Exercise brief - The output should hold exactly, and only, the lines from the line bearing "Size comparison of" through the last line of the listing below, and no pictures.

[[ Data excerpts, beginning ]]

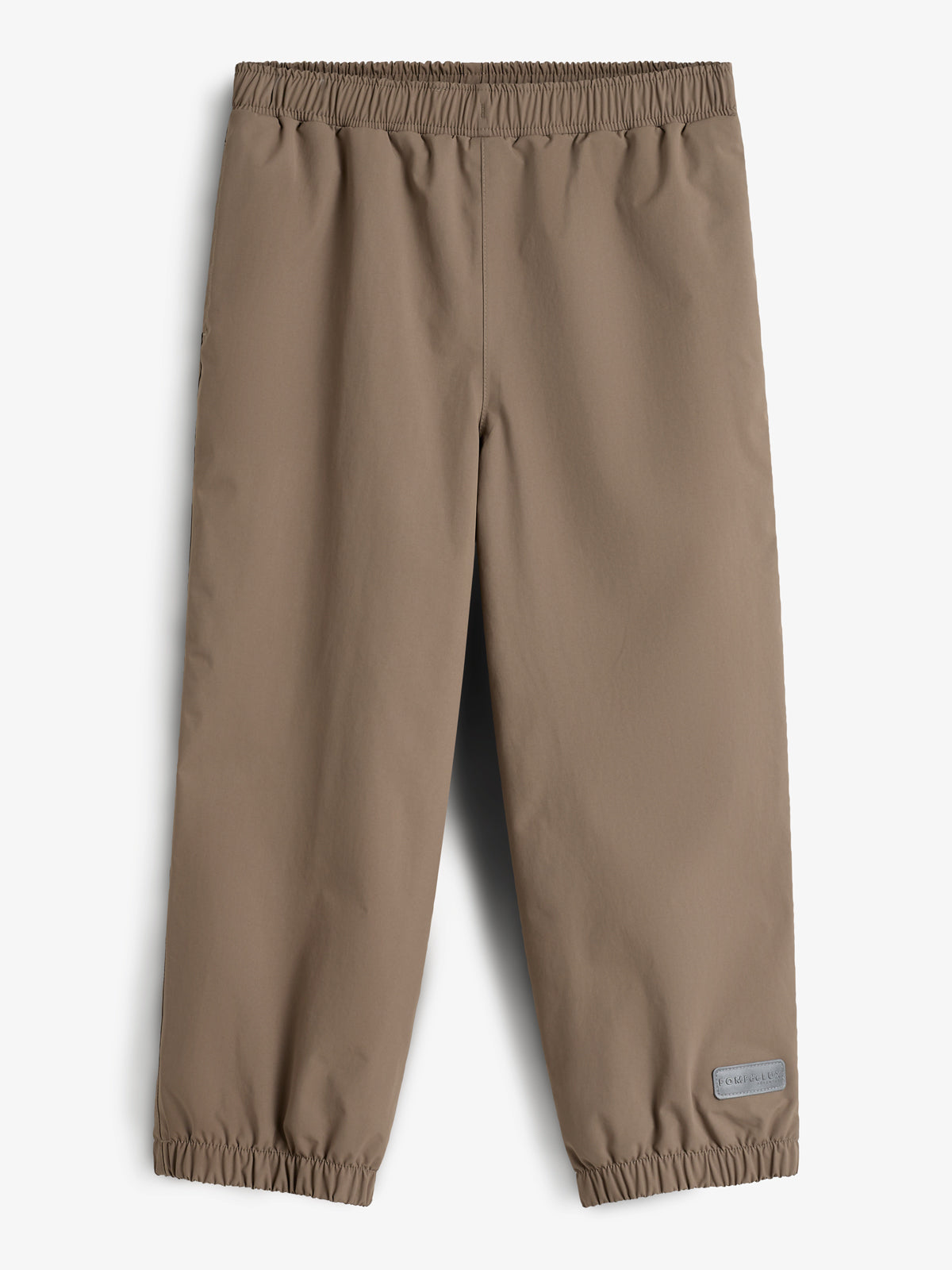 Bukser med elastisk talje og ankler, udført i en beige farve. Et lille rektangulært mærke nederst på det ene ben. Baggrunden er neutral hvid.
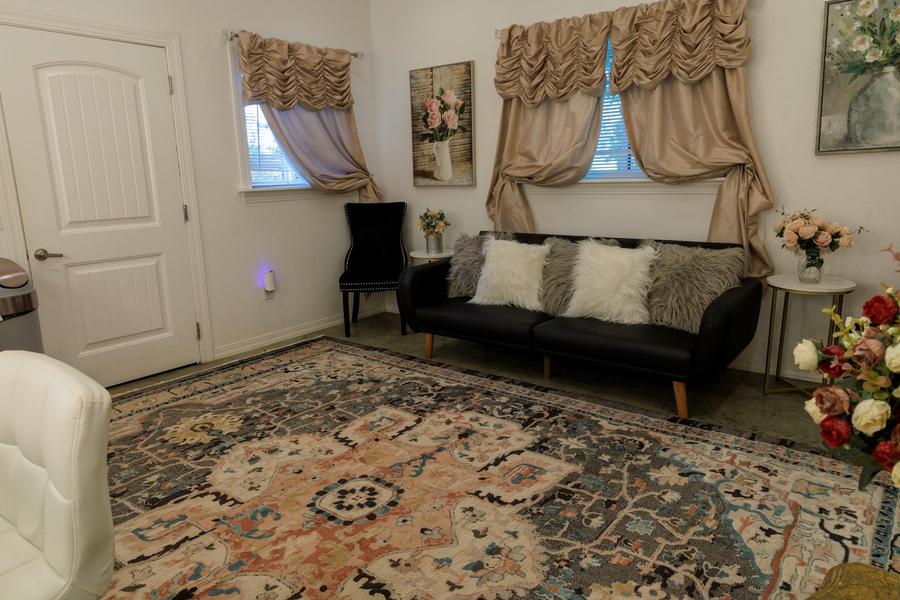 The bridal suite furnished for getting ready, with seating and mirrors.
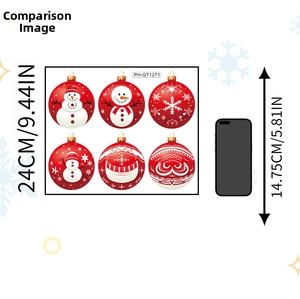 Size comparison of Christmas ball stickers on backing paper beside a mobile phone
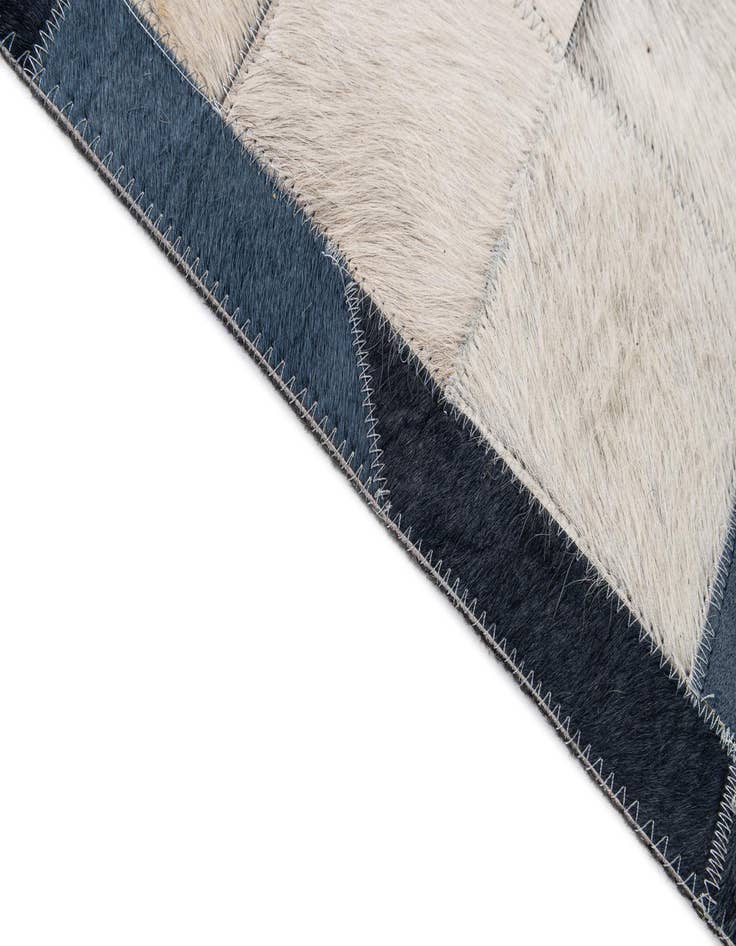 Detail image of  5' 1 x 7' 11 Cowhide - Patchwork Rug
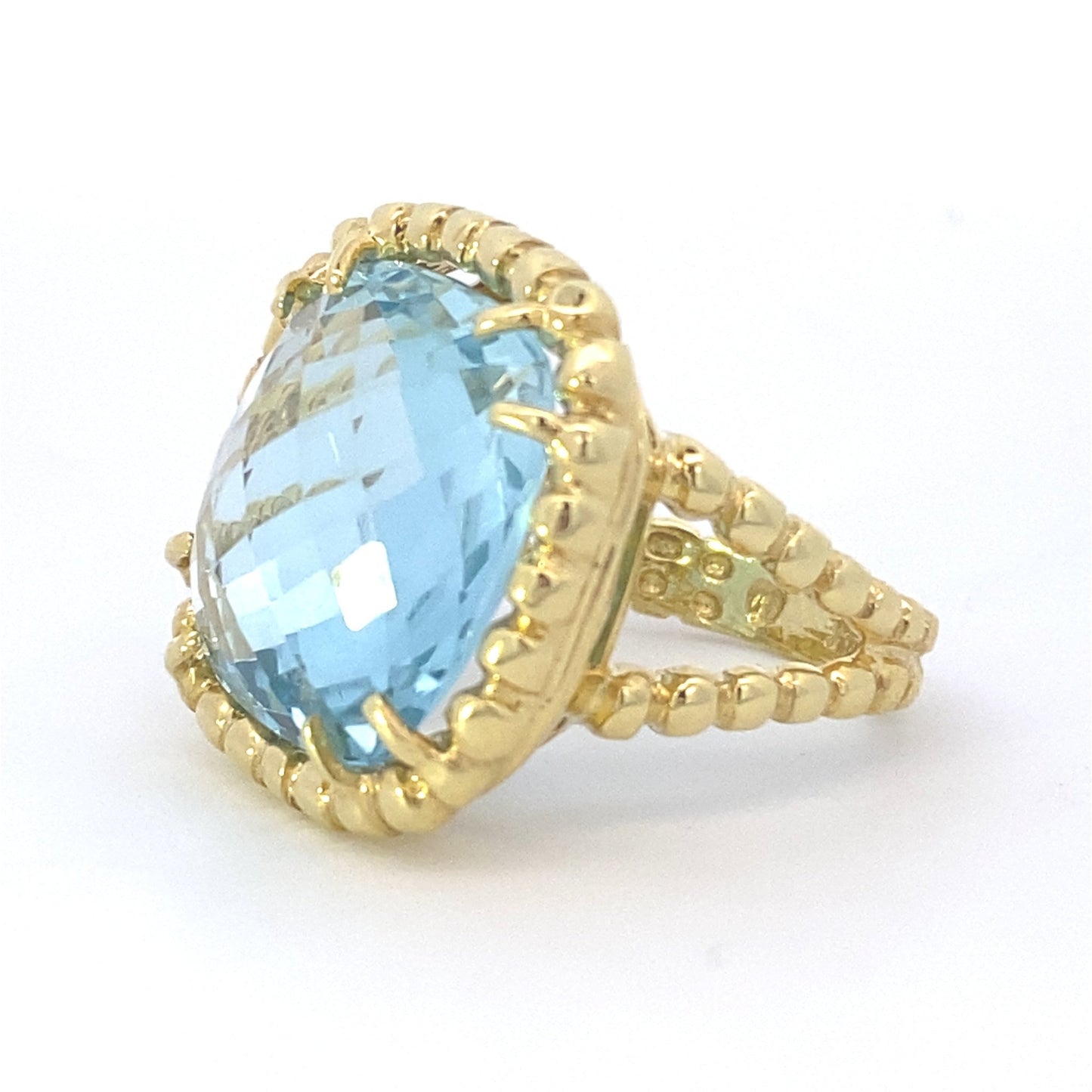 Ring blue topaz cushion with braided halo and shank - Gaines Jewelers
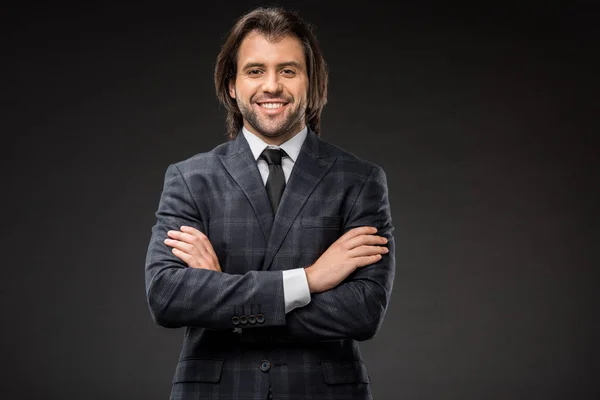 Handsome happy businessman standing with crossed arms and smiling at camera isolated on black — Stock Photo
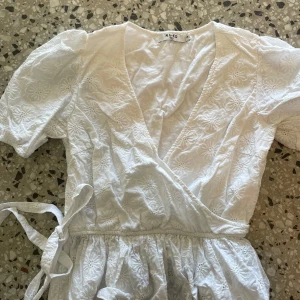 Vit omlottblus från NA-KD - Superfin vit omlottblus från NA-KD med broderade blommor, puffiga korta ärmar och knyt i midjan. Blusen har v-ringning och är gjord i bomull, perfekt för sommarens alla tillfällen.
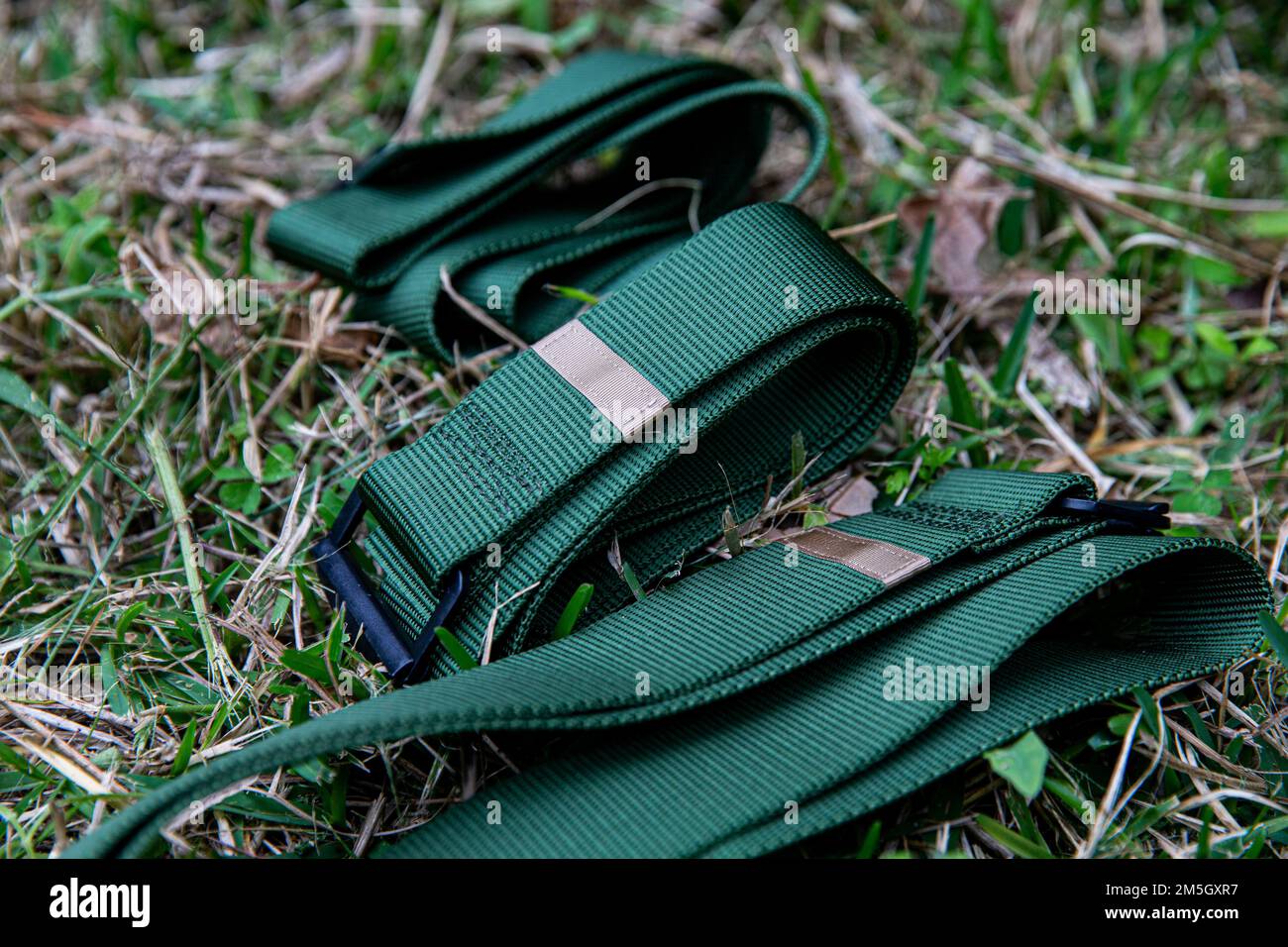 Green belts marked with a tan tab to signify that a marine is a marine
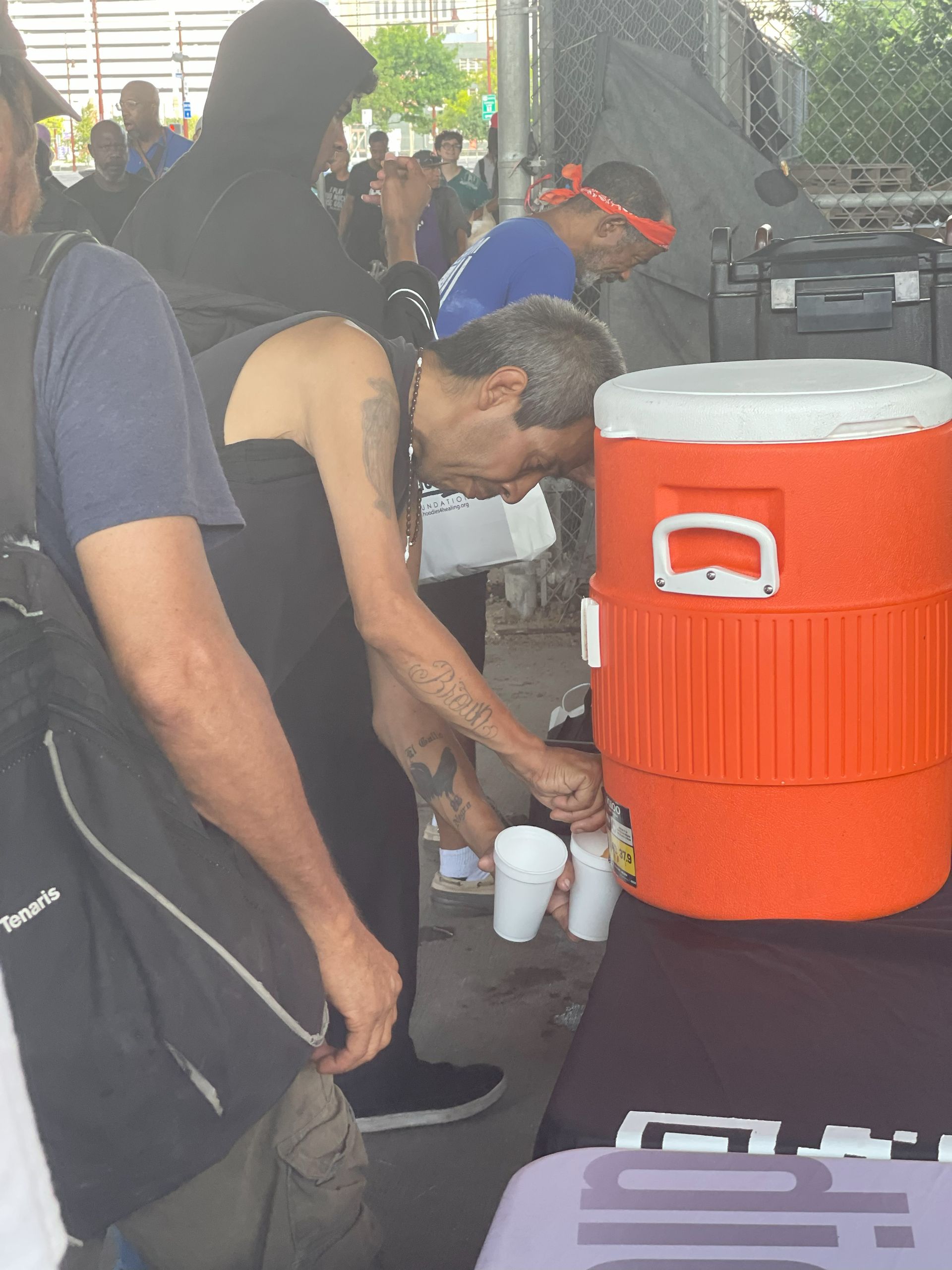 A group of people are gathered around an orange cooler with the letter d on it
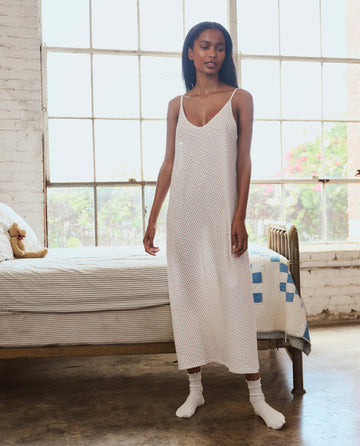 A woman stands indoors on a concrete floor in The Slip Sleeper V Neck Dress in Calico Rose from THE GREAT. PS26 SLEEP, wearing socks beside a bed with striped bedding and a quilt, near large windows.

[[ Data excerpts, end ]]

Expected answer -
 Size comparison of Christmas ball stickers on backing paper beside a mobile phone
 Detail image of  5' 1 x 7' 11 Cowhide - Patchwork Rug
 Ring blue topaz cushion with braided halo and shank - Gaines Jewelers
 Handsome happy businessman standing with crossed arms and smiling at camera isolated on black — Stock Photo
 Vit omlottblus från NA-KD - Superfin vit omlottblus från NA-KD med broderade blommor, puffiga korta ärmar och knyt i midjan. Blusen har v-ringning och är gjord i bomull, perfekt för sommarens alla tillfällen.
 Green belts marked with a tan tab to signify that a marine is a marine
 A group of people are gathered around an orange cooler with the letter d on it
 A woman stands indoors on a concrete floor in The Slip Sleeper V Neck Dress in Calico Rose from THE GREAT. PS26 SLEEP, wearing socks beside a bed with striped bedding and a quilt, near large windows.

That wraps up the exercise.